- _TASK TO COMPLETE_
Print the records below exactly. Omit every picture.

- _RECORDS FOR THE EXERCISE_
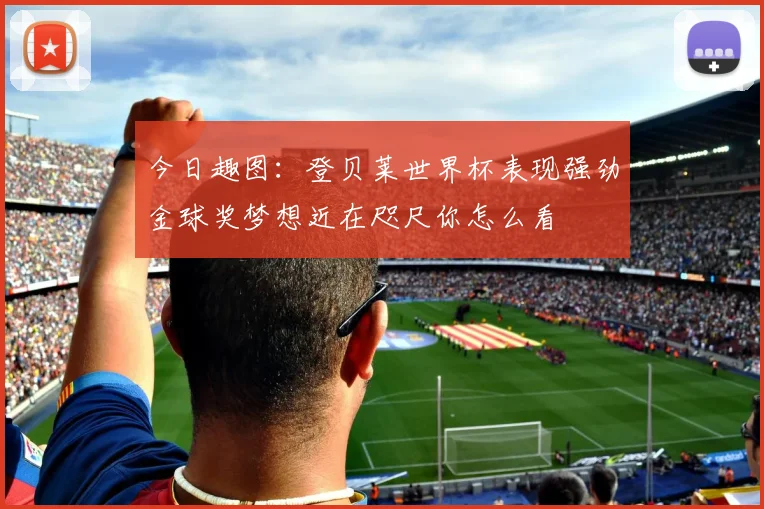 今日趣图:登贝莱世界杯表现强劲金球奖梦想近在咫尺你怎么看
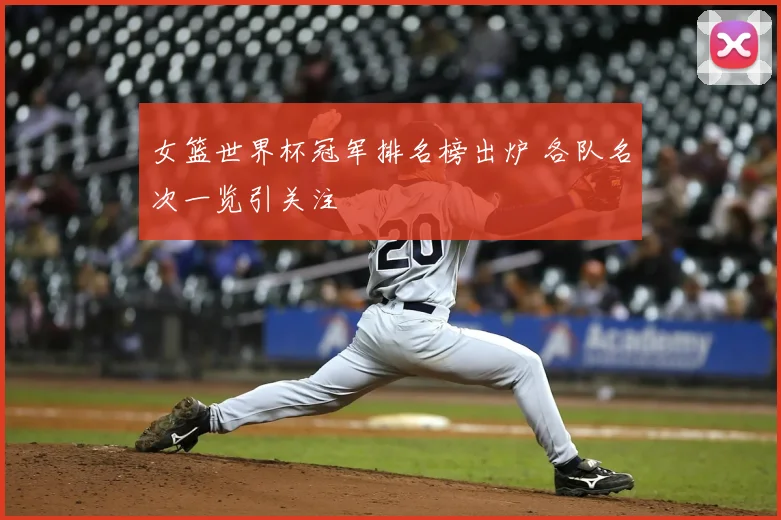 女篮世界杯冠军排名榜出炉 各队名次一览引关注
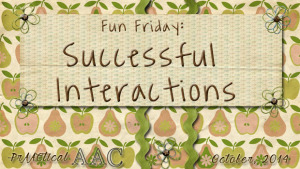 Fun Friday: Successful Interactions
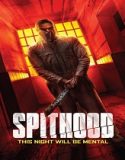Spithood (2024) Poster
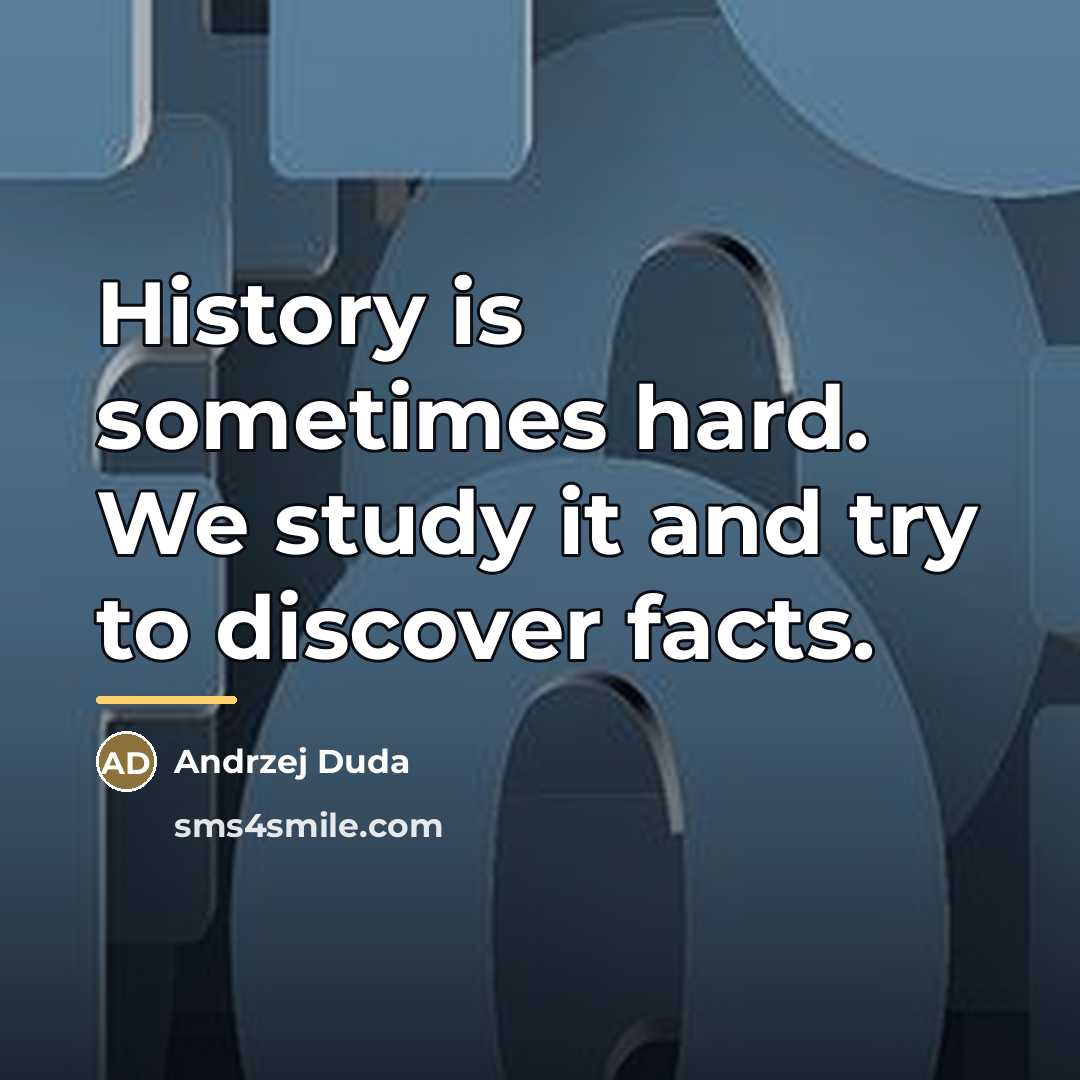 “History is sometimes hard. We study it and try to…” quote by Andrzej Duda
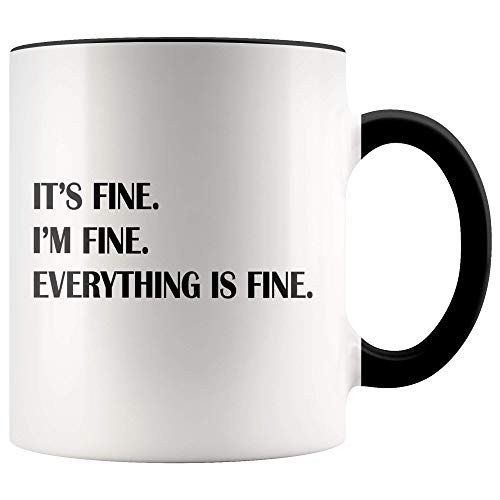 Its Fine Im Fine Everythings Fine Coffee Mug - Funny Coffee Mug - Coffee Gift 15oz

- _RESPONSE AREA_
 今日趣图:登贝莱世界杯表现强劲金球奖梦想近在咫尺你怎么看
 女篮世界杯冠军排名榜出炉 各队名次一览引关注
 Fun Friday: Successful Interactions
Spithood (2024) Poster
 “History is sometimes hard. We study it and try to…” quote by Andrzej Duda
 Its Fine Im Fine Everythings Fine Coffee Mug - Funny Coffee Mug - Coffee Gift 15oz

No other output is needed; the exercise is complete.